- WHAT YOU SHOULD DO -
Without any pictures, retype exactly the lines from the one with "Image showing Handsome" through the final line of the records.

- INPUT MATERIAL -
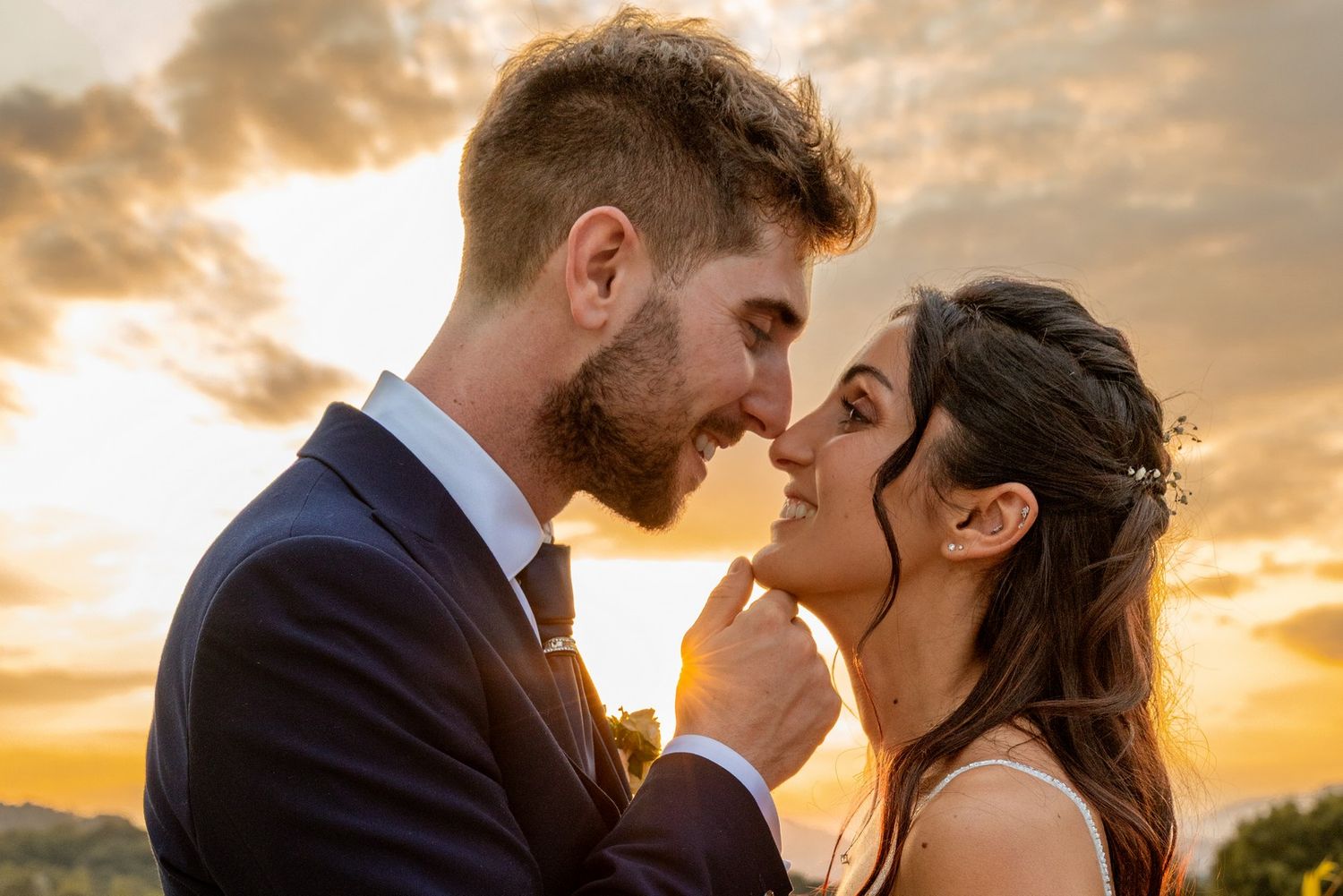 Intimate wedding couple embracing during golden hour with dramatic sunset clouds.
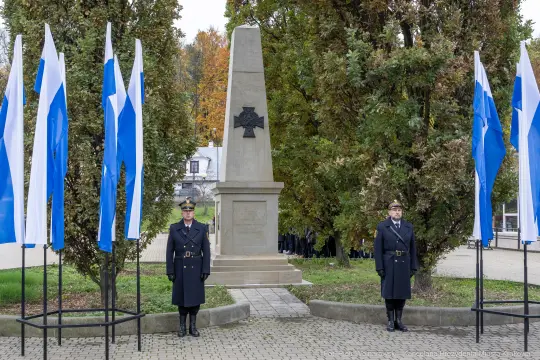 Pomnik z flagami, dwaj żołnierze w mundurach stojący na straży.
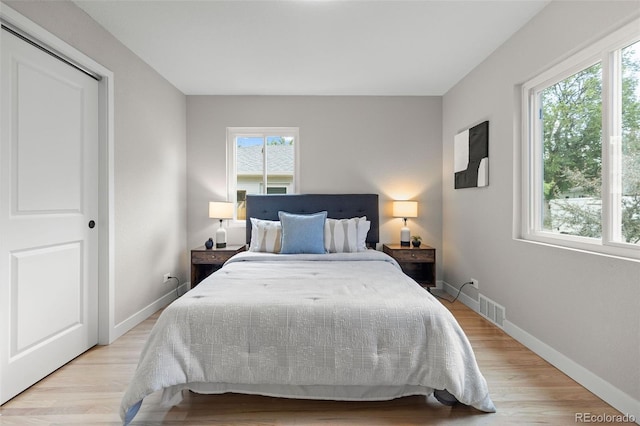 1310 E Amherst Ave, Englewood, CO 80113 - bedroom with multiple windows and light wood-type flooring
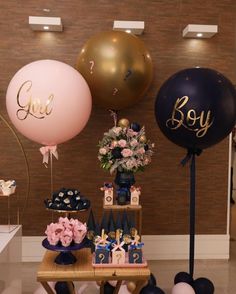 a table topped with balloons and desserts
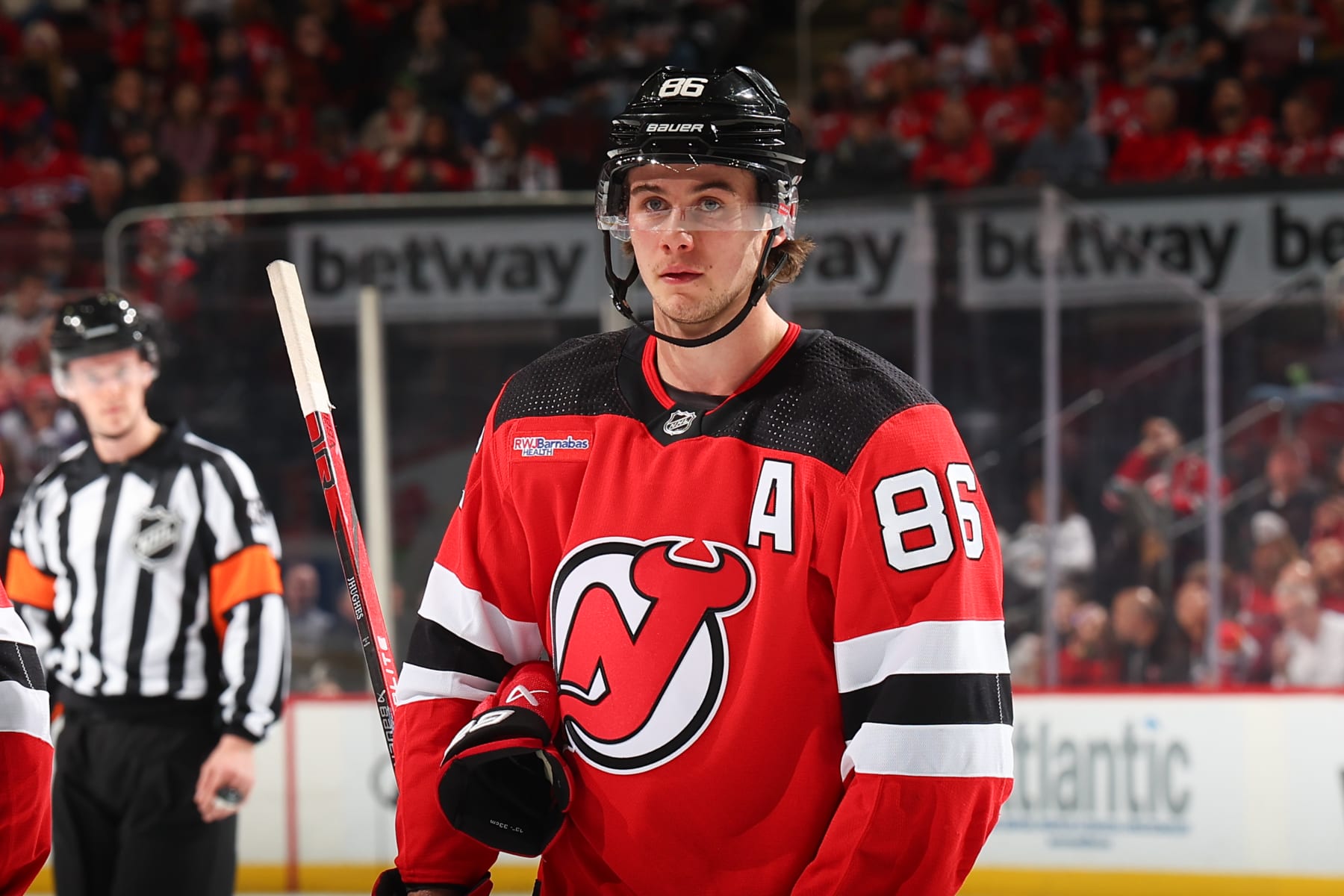 NEWARK, NJ - FEBRUARY 24: Jack Hughes #86 of the New Jersey Devils skates in the first period of the game against the Montreal Canadiens at the Prudential Center on February 24, 2024 in Newark, New Jersey.  (Photo by Rich Graessle/NHLI via Getty Images)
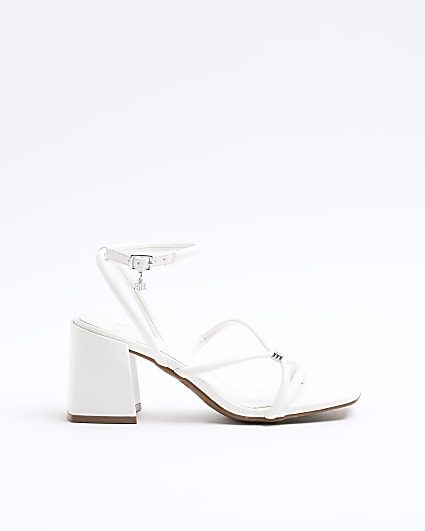 White strappy heeled sandals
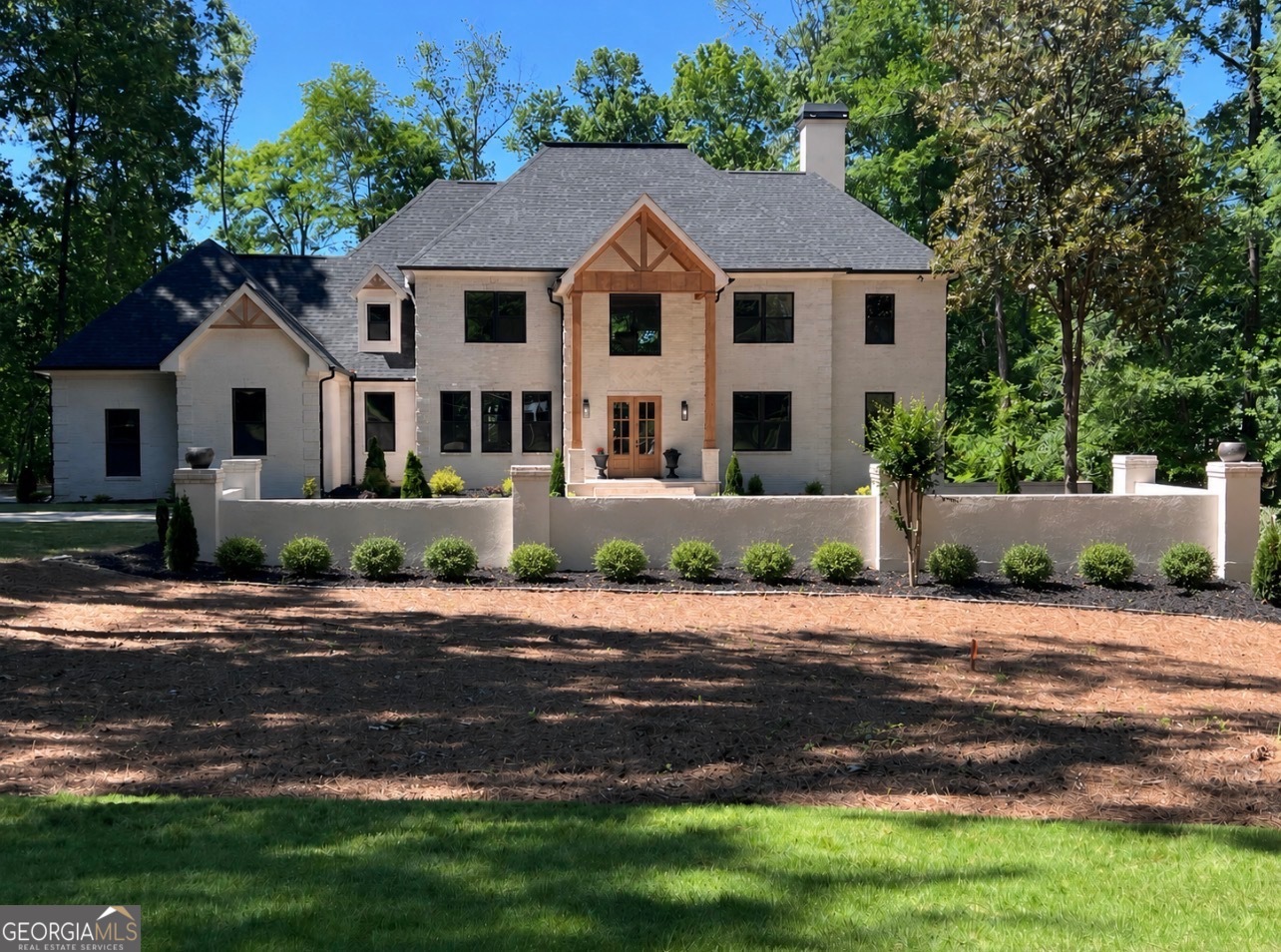 Light-brick home with a timber-trimmed entry, framed by trees behind a low garden wall.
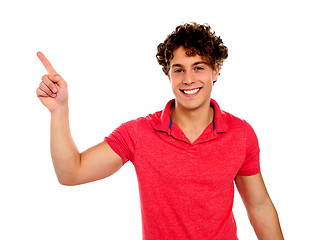 Image showing Handsome young teenager in casuals pointing away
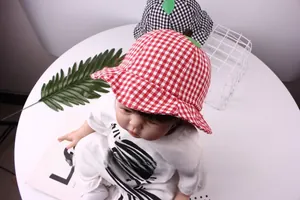 Detail shot of red checkered baby bucket hat with green leaf accent on a white table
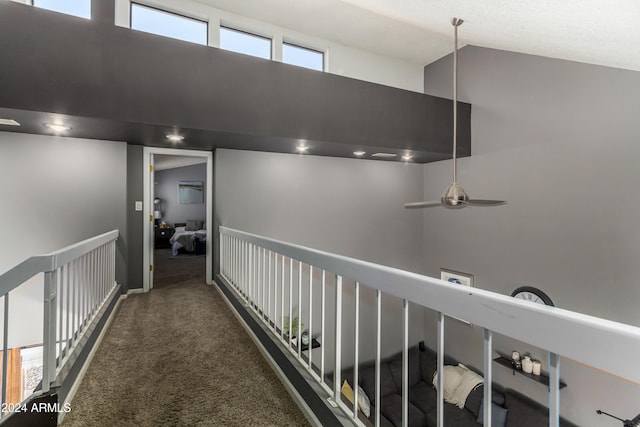 hallway featuring high vaulted ceiling and dark colored carpet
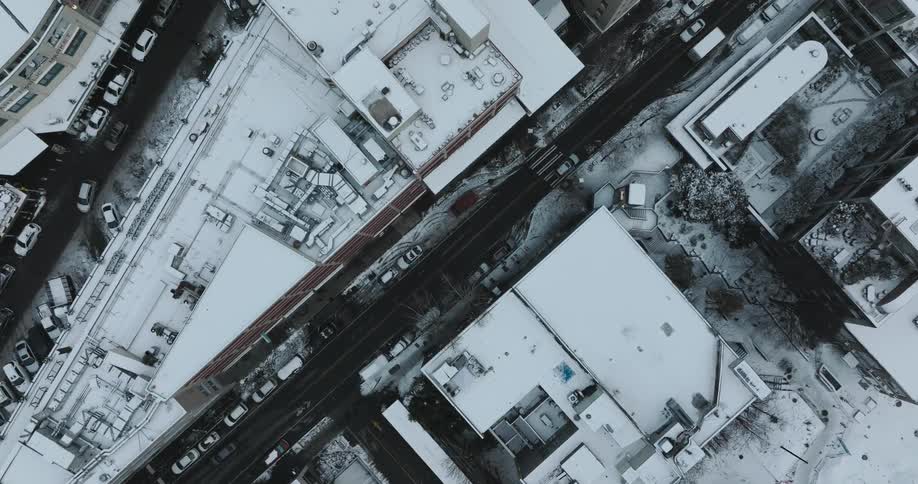 Top down traverse over snow covered buildings and city streets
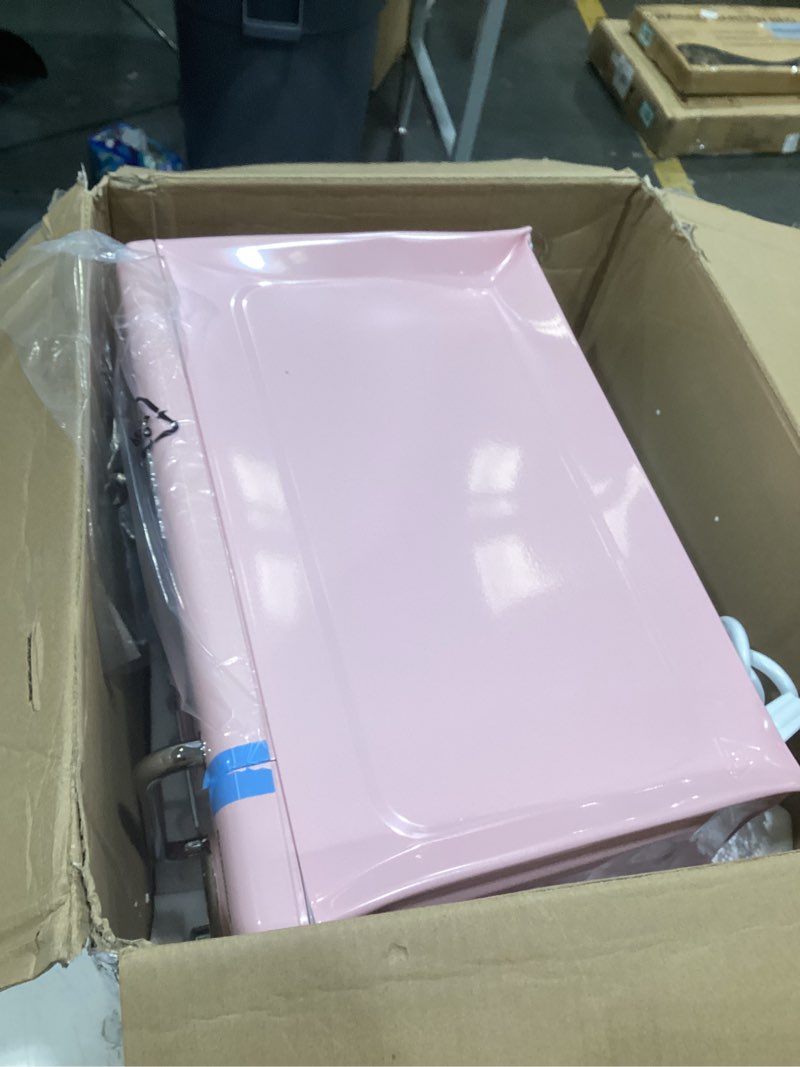 Condition photo showing As Is for nostalgia retro compact countertop microwave oven - 0.7 cu. ft. - 700-watts with led digital display - child lock - easy clean interior - pink retro classic 0.7 cu. ft. pink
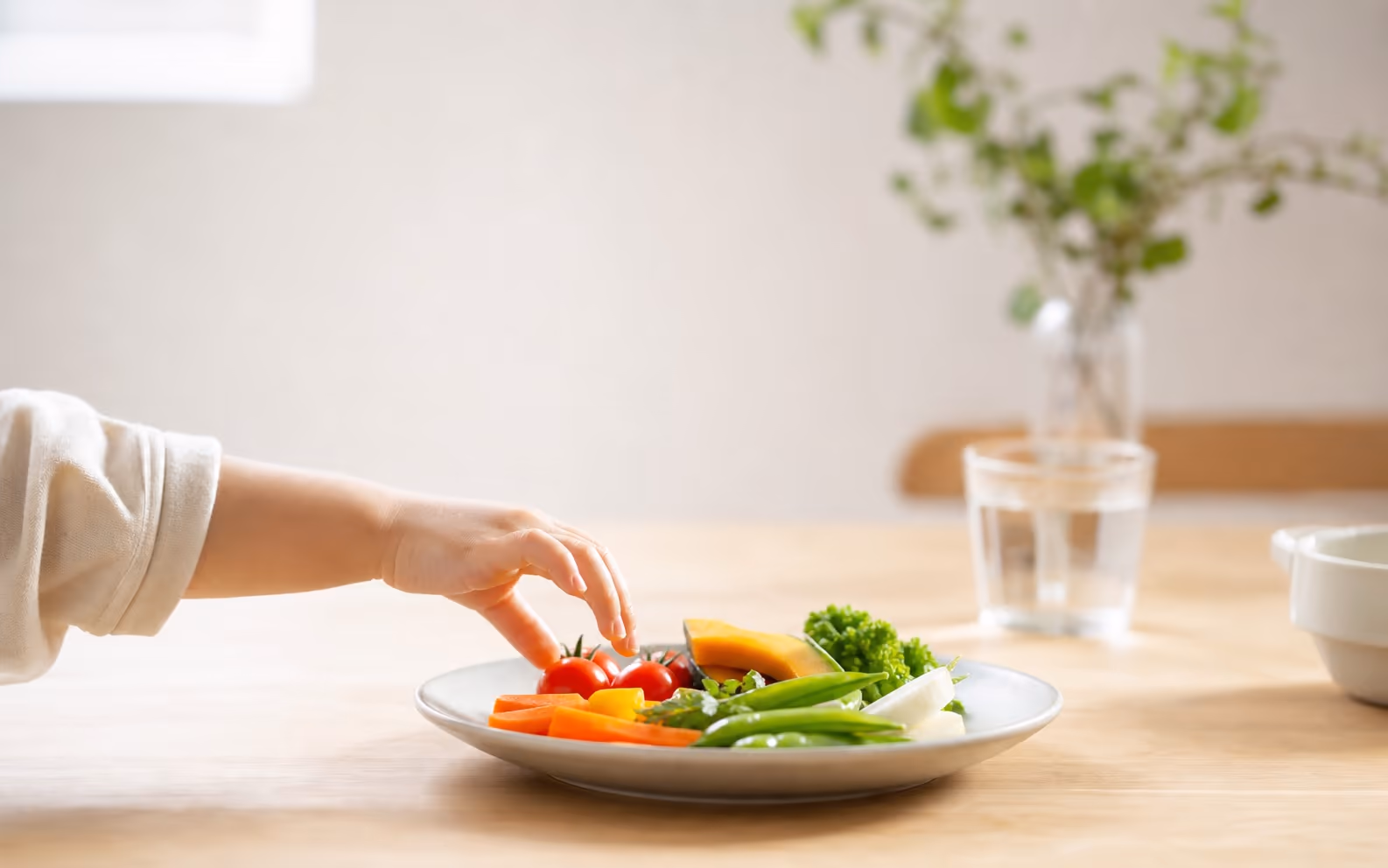 子どもの手が野菜に触れる食卓の写真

- OUTPUT FOR THIS EXERCISE -
 Image showing Handsome young teenager in casuals pointing away
 Detail shot of red checkered baby bucket hat with green leaf accent on a white table
 hallway featuring high vaulted ceiling and dark colored carpet
 Top down traverse over snow covered buildings and city streets
 Condition photo showing As Is for nostalgia retro compact countertop microwave oven - 0.7 cu. ft. - 700-watts with led digital display - child lock - easy clean interior - pink retro classic 0.7 cu. ft. pink
 子どもの手が野菜に触れる食卓の写真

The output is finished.